Amendment No. 1 to the Cooperation Agreement, dated September 2, 2021, by and between CytRx Corporation and Jerald A. Hammann
AMENDMENT NO. 1 TO COOPERATION AGREEMENT
This Amendment No. 1 to the Cooperation Agreement (this “Amendment”), effective as of September 2, 2021, amends the Cooperation Agreement, (the “Agreement”) effective as of August 21, 2020, by and between CytRx Corporation, a Delaware corporation (the “Company”), and Jerald A. Hammann and his Affiliates (collectively, “Hammann”). The Company and Hammann are together referred to herein as the “Parties,” and each, a “Party.” Unless otherwise defined herein, capitalized terms shall have the meanings given to them in the Agreement.
WHEREAS, Hammann beneficially owns 26,369 shares of Common Stock, as of the date of this Amendment;
WHEREAS, on August 4, 2021, Hammann filed a lawsuit against the Company and all of its directors in office as of the Effective Date in the Court of Chancery of the State of Delaware and styled Jerald Hammann v.

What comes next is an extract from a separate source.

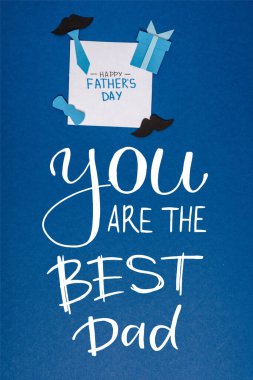 top view of greeting card with lettering happy fathers day and paper craft creative decorating elements on blue background, you are the best dad illustration clipart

CytRx Corporation, et al., C.A. No. 2021-0676-PAF (the “Hammann Litigation”);
WHEREAS, the Parties have determined that the interests of the Company and its stockholders would be best served by, among other things, avoiding the substantial expense and duration that would result from continuing the Hammann Litigation;
WHEREAS, pursuant to Section 21 of the Agreement, the Agreement may be amended, modified, or supplemented by an agreement in writing signed by each Party; and
WHEREAS, the Parties desire to enter into this Amendment regarding the composition of the Board, the Hammann Litigation, and certain other matters as provided in this Amendment.

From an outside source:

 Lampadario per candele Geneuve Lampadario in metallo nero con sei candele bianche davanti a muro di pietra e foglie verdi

NOW, THEREFORE, in consideration of the promises, representations and mutual covenants and agreements set forth herein, and for other good and valuable consideration, the receipt and sufficiency of which are hereby acknowledged, the Parties hereby agree as follows:
1. Amendments to Section 1 of the Agreement. Section 1(b) of the Agreement is hereby amended and restated in its entirety to read as follows:
“(b) Board Policies and Procedures. Each Party acknowledges that each of the New Director and Potential Director (as defined below), upon his or her respective appointment to the Board, shall be governed by all of the same policies, processes, procedures, codes, rules, standards and guidelines applicable to members of the Board, including, but not limited to, the Company’s Corporate Governance Guidelines and Code of Business Conduct and Ethics and any other policies on stock ownership, public disclosures and confidentiality (collectively, the “Company Policies”), and shall be required to strictly adhere to the Company’s policies on confidentiality imposed on all members of the Board. Notwithstanding anything to the contrary contained in this Agreement and/or the Company Policies, Hammann shall not request, analyze, review or use any Confidential Information (as defined below) of the Company provided to Hammann by the New Director or Potential Director that such New Director or Potential Director learns in his or her capacity as a member of the Board; and Hammann shall promptly (and in every instance within two (2) business days following any sharing of or attempt to share Confidential Information by the New Director or Potential Director with Hammann) inform the Company, in the manner set forth for communicating with the Company in the Company Policies, if the New Director or Potential Director shares or attempts to share Confidential Information with Hammann.”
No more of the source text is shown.